BRIEF
Quote the entries below from the line with "image 1 of Traditional" through the line with "Platinum 0.10ct Diamond", both ends included, and only those lines.

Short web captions
--------------------
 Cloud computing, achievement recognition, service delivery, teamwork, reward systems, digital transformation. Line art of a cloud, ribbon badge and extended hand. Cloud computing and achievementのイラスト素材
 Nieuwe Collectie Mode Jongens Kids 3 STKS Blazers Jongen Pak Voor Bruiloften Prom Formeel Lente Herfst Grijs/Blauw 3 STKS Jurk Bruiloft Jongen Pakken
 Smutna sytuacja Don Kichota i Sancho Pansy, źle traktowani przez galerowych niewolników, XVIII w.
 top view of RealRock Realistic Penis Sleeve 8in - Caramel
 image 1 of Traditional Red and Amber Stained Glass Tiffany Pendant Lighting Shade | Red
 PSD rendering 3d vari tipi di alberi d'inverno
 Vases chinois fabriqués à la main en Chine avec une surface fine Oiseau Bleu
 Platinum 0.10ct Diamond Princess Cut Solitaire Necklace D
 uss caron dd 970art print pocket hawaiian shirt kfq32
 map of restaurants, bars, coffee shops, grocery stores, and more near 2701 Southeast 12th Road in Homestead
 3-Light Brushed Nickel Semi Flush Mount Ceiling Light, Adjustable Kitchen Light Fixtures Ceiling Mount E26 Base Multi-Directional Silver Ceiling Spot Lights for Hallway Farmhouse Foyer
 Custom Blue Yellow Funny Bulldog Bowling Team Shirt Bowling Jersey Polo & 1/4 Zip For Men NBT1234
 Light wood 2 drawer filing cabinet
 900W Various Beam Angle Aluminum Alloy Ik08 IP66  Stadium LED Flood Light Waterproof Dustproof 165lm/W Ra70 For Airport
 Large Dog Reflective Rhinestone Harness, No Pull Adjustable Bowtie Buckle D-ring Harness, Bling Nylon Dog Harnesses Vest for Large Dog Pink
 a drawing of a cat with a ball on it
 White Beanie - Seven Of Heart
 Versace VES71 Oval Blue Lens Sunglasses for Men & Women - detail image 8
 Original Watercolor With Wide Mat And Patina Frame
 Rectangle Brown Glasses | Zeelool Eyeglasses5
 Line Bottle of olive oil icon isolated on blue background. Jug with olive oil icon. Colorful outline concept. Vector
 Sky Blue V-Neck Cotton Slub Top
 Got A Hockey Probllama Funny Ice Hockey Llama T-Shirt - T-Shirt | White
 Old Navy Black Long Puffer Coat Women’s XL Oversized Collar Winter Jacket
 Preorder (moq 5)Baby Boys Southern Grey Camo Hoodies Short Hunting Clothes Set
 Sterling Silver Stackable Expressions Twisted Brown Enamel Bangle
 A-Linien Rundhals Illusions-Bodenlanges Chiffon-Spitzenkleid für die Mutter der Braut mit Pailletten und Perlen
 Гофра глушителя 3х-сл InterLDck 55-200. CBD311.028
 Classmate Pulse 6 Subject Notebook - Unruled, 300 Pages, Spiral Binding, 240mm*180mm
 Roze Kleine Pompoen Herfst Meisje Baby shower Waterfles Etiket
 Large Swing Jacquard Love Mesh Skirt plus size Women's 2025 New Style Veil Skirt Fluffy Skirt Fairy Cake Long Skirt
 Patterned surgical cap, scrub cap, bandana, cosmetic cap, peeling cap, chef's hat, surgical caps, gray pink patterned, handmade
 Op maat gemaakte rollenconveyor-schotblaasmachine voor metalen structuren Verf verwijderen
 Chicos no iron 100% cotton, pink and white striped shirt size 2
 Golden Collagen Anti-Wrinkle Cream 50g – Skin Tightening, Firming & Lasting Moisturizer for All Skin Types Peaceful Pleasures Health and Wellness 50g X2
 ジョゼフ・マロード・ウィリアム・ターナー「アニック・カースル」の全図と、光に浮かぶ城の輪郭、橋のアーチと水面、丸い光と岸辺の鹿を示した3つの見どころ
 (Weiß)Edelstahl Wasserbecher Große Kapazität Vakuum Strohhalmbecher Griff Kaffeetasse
--------------------
OUTPUT
 image 1 of Traditional Red and Amber Stained Glass Tiffany Pendant Lighting Shade | Red
 PSD rendering 3d vari tipi di alberi d'inverno
 Vases chinois fabriqués à la main en Chine avec une surface fine Oiseau Bleu
 Platinum 0.10ct Diamond Princess Cut Solitaire Necklace D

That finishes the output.